Intel's Nehalem or Core i7 chip was mooted for release this year, and it has yet to appear, but the excitement is still building.
So why should we be bothered about it? Well, Nehalem will mean faster computers.
It is to be the company's second and last 45nm architecture refresh before it launches Westmere and Sandy Bridge, both of which will be built on a 32nm process, explains Ars Technica.
Online reports are calling it a successor to the Penryn chip, but the big development for Nehalem is the integrated memory controller.
Intel has been using the GTL+ bus specification since the Pentium Pro. But now it is taking the game to the likes of AMD (with Opteron) by debuting both a triple-channel integrated memory controller and a point-to-point protocol called QuickPath Interconnect (QPI).
Again so what?

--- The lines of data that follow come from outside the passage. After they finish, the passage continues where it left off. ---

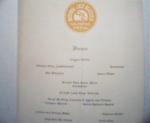 National Cash Register Company Dinner Menu
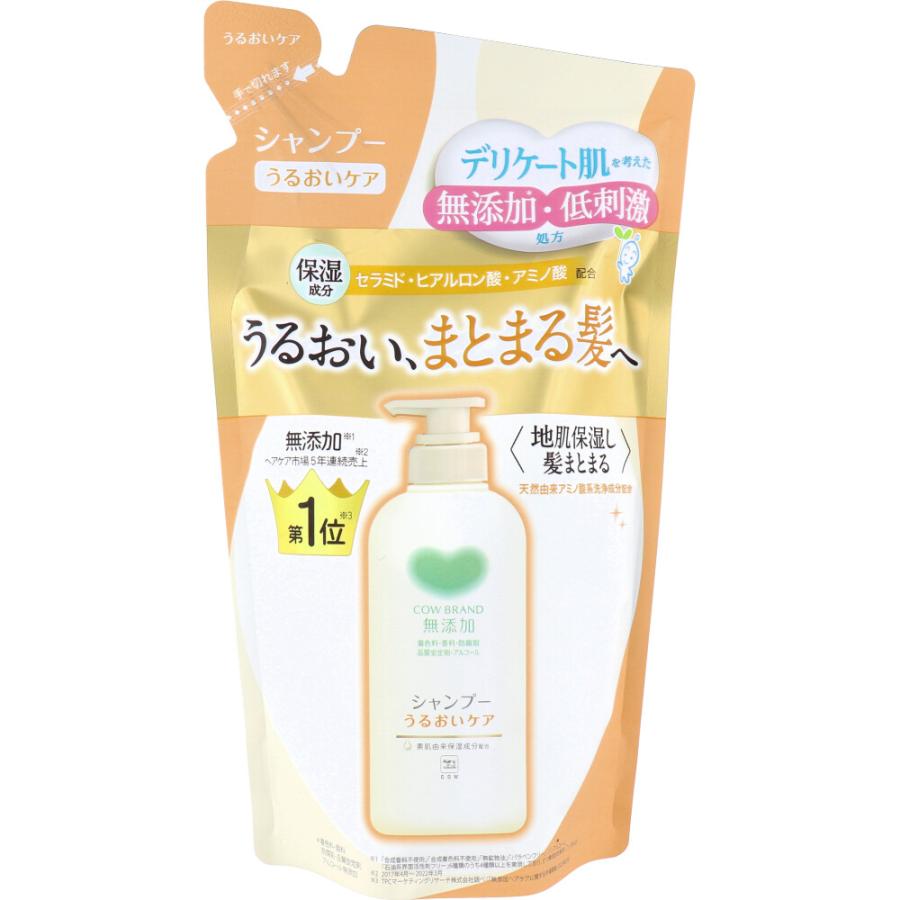 カウブランド 無添加シャンプー うるおいケア 詰替用 360mL : 金太郎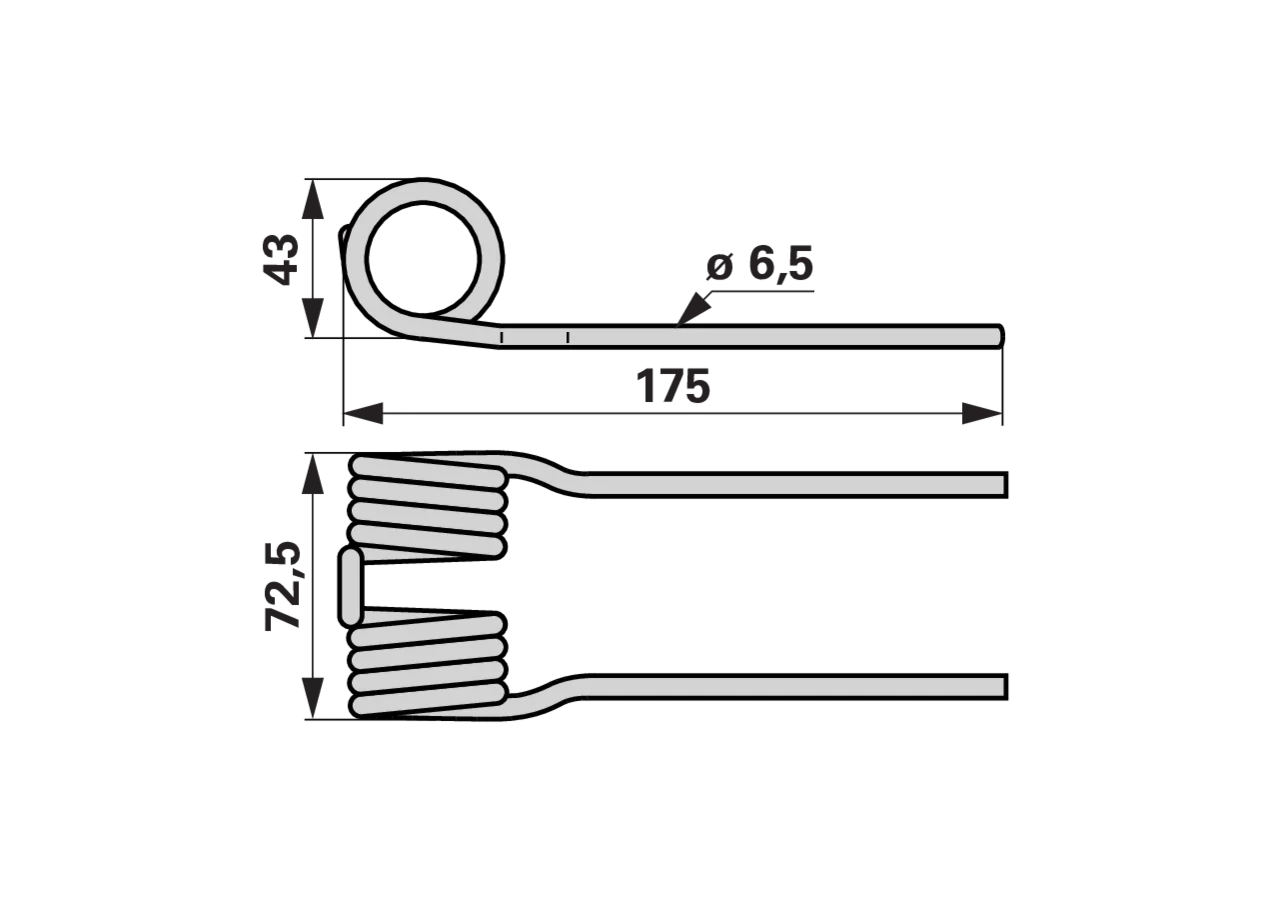 Pick up Zinke – passend für McHale CTN00025 GartenShop24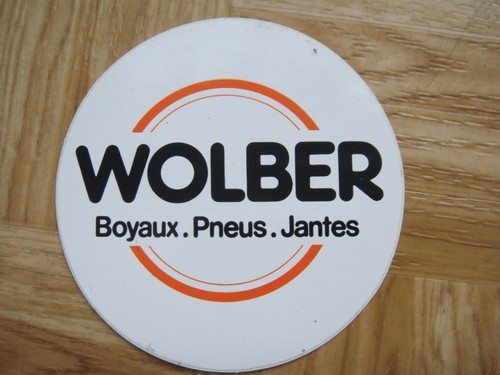 Autocollant wolber 1980 - autocollant,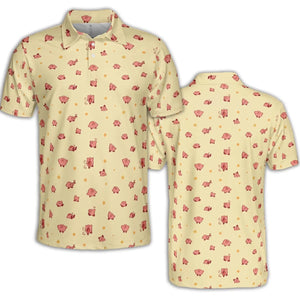Nintendo Kirby Pattern AOP Men/Women Polo Shirt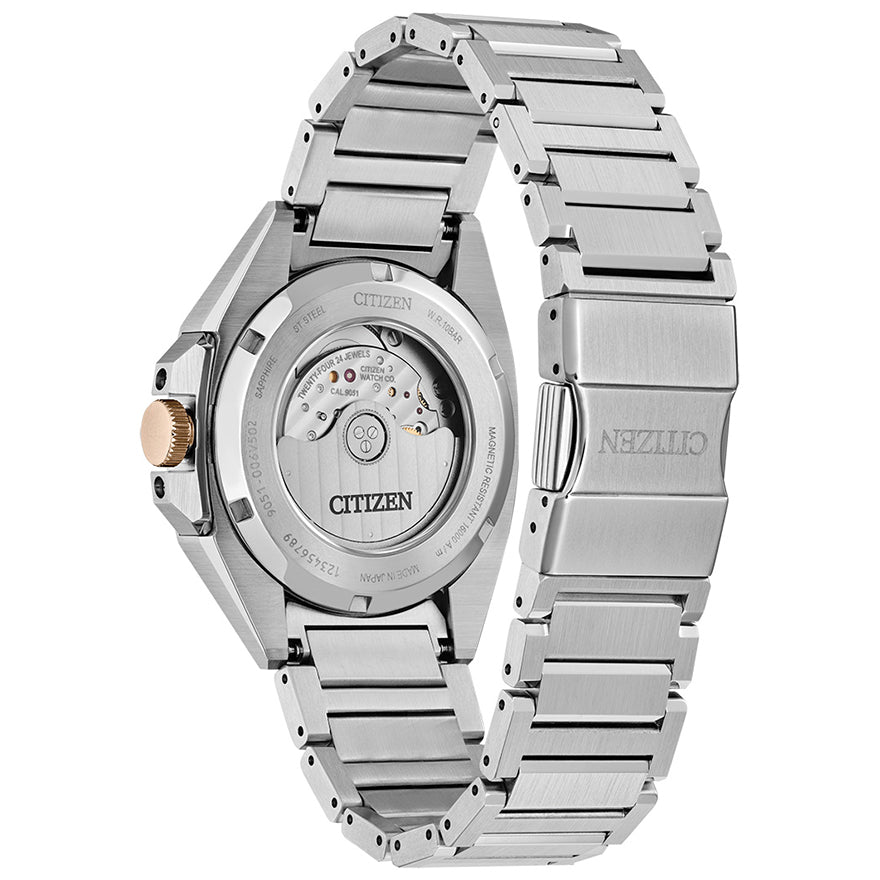 Citizen Series8 831 Champagne Dial Stainless Steel Bracelet Automatic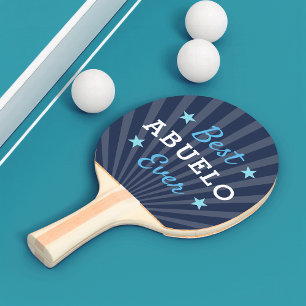 Best Abuelo Ever Cool Grandpa Father's Day Ping Pong Paddle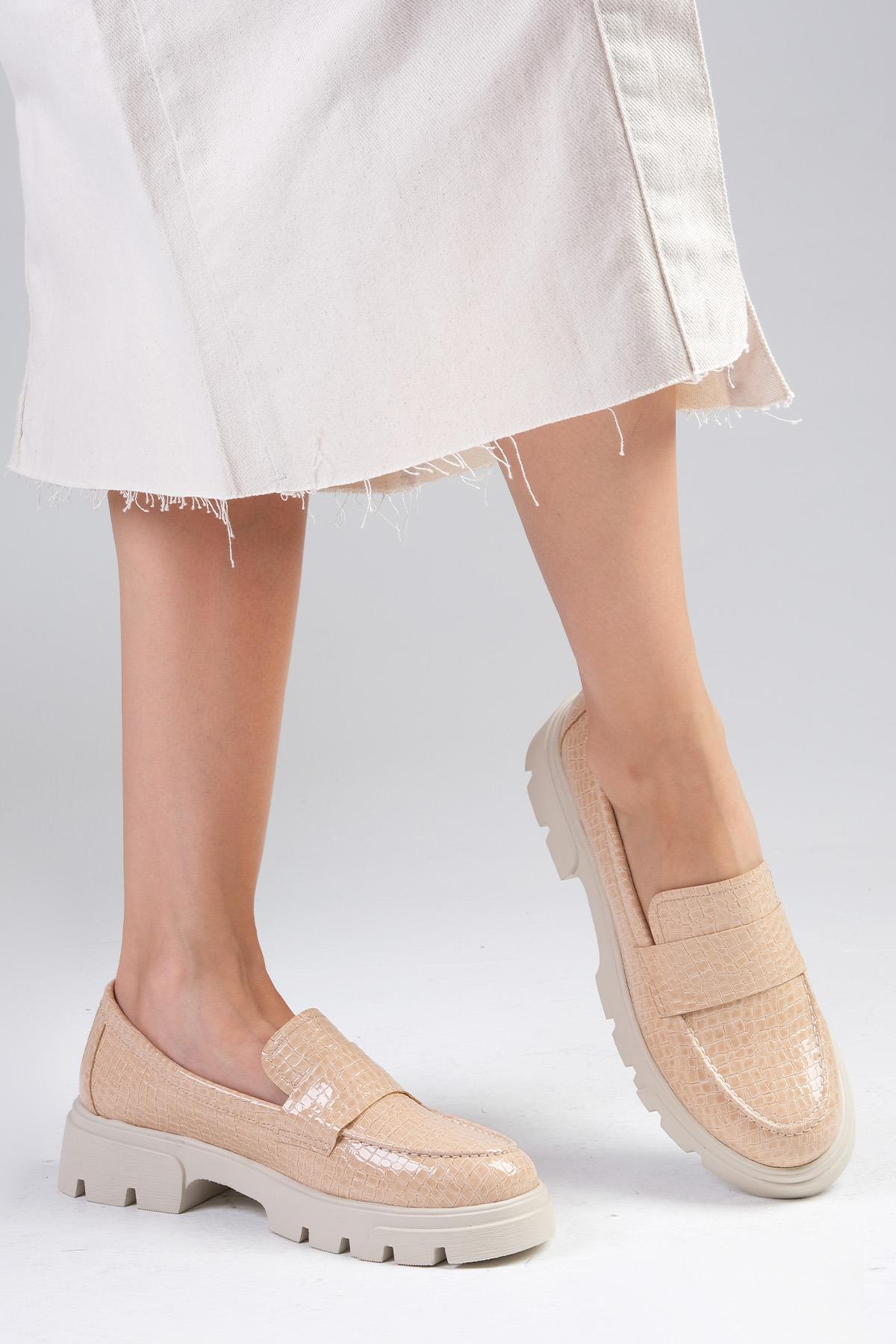 Andrea Ten Rengi Kalın Tabanlı Oxford Ayakkabı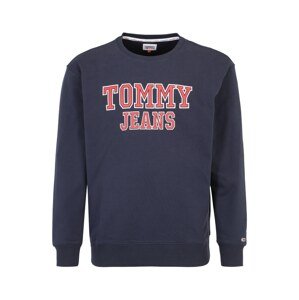 Tommy Jeans Plus Mikina  námořnická modř / červená / bílá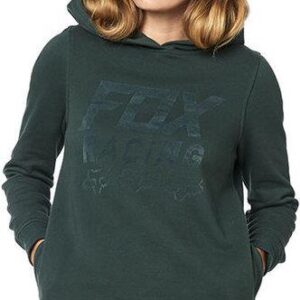 Fox Overdrive Ladies Pullover Hoodie Emerald Green - Image 2
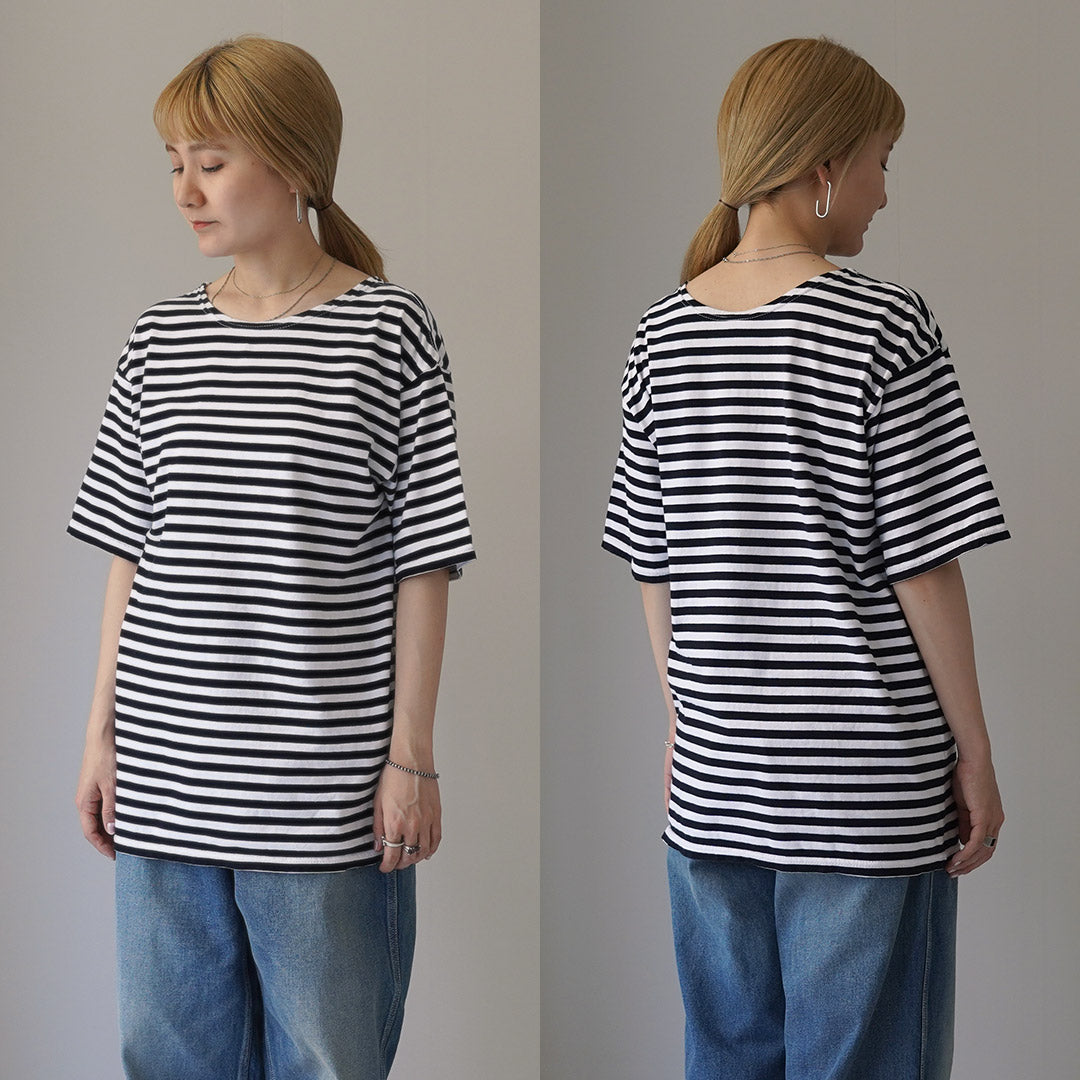 【30%OFF】SHINZONE(シンゾーン) ハーフ マリンボーダー Tシャツ 24MMSCU02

Well Intel's QPI offers up to twice the 12.8GBps of bandwidth of the X48 chipset, so your data will process quicker.
In fact, says Ars Technica, which has been testing the chip: "We're not quite ready to release a full set of test results, but trust me when I say this thing is fast .... I've a feeling that the numerous processor enhancements Intel built into Nehalem would make the chip potent in its own right, but combined with the platform upgrades, it's the rarest of rare gems - a $1,000 CPU that might be worth buying".